Limitations of our study include the retrospective character which always comprises the possibility of undetected data-inherent flaws. Moreover, a potential impact of other parameters on the clinical course of patients apart from those we investigated was not analysed. Because the average patient age in our study group was high a substantial number of patients presumably had multiple other diseases potentially influencing the aetiology and severity of PE [32]. Furthermore, categorisations of patients with respect to VCR and VSB were intrinsically not immune to subjectivity. Although the combination of a negative pCTA and normal venous ultrasound imaging safely excludes the diagnosis of PE in an emergency department setting [33], a number of patients with PE but false-negative CT findings might have been missed by our selection criteria [32, 34]. Moreover, some studies have shown that, despite the use of bolus tracking, the quality of pCTA images is dependent on patient characteristics [35], protocol parameters [3638] and motion artefacts [38, 39] hence potentially influencing image quality and analysis in our patient population. Finally, the study group was of only moderate size and the number of deaths was small. It could be speculated that some results that were significant in univariate analysis would have been statistically significant in multivariate analysis too, if a larger patient group had been analysed.

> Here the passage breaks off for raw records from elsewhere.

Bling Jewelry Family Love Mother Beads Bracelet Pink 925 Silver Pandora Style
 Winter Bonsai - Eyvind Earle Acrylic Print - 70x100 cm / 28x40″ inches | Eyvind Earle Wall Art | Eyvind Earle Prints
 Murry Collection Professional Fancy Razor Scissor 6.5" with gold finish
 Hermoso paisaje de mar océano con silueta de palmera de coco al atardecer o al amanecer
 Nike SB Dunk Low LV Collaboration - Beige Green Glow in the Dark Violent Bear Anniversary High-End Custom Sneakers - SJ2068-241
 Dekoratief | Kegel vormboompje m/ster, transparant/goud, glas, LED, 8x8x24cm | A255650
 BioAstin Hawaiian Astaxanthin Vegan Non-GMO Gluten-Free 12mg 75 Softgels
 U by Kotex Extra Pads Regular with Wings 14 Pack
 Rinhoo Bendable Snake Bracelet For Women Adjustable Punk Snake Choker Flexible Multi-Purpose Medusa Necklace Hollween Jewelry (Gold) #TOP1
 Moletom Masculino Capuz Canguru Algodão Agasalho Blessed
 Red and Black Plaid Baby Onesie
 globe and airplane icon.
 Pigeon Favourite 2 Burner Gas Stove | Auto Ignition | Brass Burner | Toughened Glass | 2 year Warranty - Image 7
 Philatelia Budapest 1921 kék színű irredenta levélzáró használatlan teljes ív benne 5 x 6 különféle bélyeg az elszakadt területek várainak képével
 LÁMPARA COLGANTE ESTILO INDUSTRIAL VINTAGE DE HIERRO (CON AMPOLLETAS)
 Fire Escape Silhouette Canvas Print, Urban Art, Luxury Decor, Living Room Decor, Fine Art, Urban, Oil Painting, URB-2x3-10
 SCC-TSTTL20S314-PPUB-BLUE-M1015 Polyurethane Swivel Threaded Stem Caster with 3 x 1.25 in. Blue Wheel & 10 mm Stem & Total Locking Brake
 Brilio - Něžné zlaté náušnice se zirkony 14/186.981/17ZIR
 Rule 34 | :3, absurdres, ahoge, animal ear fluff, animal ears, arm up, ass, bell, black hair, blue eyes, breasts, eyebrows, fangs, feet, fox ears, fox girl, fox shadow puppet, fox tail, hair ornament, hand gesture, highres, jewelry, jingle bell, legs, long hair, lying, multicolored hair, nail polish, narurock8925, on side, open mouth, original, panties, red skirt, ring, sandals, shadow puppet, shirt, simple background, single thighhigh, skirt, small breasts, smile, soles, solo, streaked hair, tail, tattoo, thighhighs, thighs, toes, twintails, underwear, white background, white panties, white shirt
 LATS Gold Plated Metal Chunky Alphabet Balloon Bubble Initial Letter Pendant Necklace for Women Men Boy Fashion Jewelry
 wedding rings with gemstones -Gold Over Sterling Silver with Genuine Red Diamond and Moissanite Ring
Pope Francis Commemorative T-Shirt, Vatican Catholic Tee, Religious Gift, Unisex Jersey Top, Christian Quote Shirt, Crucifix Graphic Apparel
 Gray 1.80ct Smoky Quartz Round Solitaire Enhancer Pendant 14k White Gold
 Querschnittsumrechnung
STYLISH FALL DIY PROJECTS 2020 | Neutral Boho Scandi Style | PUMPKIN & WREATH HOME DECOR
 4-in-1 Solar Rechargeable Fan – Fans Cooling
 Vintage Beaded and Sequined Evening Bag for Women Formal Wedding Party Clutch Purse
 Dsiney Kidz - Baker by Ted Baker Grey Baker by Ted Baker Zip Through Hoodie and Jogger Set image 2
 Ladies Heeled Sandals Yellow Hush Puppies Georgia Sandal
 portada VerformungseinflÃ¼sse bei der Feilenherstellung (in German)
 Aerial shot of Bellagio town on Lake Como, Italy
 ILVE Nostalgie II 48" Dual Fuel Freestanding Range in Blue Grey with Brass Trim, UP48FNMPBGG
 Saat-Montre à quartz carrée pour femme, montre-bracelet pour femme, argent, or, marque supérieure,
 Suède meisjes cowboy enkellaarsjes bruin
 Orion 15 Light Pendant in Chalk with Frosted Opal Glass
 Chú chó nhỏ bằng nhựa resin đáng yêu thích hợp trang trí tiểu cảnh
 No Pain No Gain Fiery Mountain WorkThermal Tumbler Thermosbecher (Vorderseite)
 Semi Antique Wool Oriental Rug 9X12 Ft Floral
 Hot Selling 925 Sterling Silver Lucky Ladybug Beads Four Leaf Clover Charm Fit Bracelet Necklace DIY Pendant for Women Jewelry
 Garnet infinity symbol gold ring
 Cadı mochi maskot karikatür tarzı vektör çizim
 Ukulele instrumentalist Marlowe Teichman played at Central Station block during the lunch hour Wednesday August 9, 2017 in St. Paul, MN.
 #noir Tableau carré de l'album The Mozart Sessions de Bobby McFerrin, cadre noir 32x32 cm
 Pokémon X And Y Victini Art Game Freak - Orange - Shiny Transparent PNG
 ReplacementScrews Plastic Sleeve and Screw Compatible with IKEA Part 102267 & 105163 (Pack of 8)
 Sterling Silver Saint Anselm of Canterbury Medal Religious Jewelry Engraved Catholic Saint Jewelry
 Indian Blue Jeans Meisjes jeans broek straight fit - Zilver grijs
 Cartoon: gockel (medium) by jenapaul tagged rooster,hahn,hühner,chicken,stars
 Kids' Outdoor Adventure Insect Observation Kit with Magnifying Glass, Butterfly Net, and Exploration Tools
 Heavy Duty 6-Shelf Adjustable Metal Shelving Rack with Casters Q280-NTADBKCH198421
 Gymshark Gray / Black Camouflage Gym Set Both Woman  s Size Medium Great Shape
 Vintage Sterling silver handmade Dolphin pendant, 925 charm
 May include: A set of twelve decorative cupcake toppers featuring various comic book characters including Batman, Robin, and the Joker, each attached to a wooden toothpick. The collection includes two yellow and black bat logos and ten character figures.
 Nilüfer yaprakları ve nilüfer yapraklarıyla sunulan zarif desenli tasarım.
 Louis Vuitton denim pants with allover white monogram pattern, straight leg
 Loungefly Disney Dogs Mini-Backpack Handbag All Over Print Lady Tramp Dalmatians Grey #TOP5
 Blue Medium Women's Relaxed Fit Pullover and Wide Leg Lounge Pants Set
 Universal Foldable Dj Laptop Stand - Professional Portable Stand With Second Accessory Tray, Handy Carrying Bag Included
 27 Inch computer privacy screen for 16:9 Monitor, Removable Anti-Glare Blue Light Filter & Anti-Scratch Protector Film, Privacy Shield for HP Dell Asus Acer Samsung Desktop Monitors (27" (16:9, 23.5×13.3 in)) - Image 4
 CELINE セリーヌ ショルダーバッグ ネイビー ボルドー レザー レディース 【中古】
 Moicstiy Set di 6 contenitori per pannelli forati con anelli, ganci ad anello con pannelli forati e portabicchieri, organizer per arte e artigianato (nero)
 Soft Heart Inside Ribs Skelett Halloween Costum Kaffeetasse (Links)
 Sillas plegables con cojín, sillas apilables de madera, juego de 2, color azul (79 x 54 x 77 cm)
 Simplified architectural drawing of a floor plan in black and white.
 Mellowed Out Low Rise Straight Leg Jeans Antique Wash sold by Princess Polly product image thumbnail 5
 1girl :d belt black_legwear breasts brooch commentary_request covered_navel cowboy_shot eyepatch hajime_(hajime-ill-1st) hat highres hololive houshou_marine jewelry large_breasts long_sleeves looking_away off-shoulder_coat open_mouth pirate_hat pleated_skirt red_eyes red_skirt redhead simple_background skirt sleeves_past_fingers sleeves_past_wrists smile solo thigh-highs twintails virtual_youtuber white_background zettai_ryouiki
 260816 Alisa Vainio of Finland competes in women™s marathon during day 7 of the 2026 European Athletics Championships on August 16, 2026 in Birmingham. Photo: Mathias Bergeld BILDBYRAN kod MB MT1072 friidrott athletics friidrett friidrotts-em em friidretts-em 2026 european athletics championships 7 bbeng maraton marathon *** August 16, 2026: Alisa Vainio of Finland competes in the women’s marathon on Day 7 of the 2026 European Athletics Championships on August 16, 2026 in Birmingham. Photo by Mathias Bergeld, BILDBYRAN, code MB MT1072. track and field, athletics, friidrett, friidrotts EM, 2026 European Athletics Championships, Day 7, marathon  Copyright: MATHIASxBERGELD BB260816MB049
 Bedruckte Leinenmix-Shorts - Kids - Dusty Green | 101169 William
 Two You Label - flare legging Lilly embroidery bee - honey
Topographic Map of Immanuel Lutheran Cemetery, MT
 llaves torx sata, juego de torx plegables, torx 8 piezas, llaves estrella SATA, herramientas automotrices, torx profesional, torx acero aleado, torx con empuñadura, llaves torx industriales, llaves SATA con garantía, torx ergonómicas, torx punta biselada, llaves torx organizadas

In conclusion, our results indicate that selected pCTA findings may be used as prognostic parameters in patients with PE. Apart from mortality, the clinical course including necessity for ICU treatment and mechanical ventilation and the duration of hospital treatment showed significant correlations with pCTA findings and measurements. For daily practice, evaluation of POI, RV/LV ratio, and VCR into the IVC may be recommended apart from assessment of other chest abnormalities including pleural effusions and pulmonary infarctions for prognostic estimations in patients with proven PE.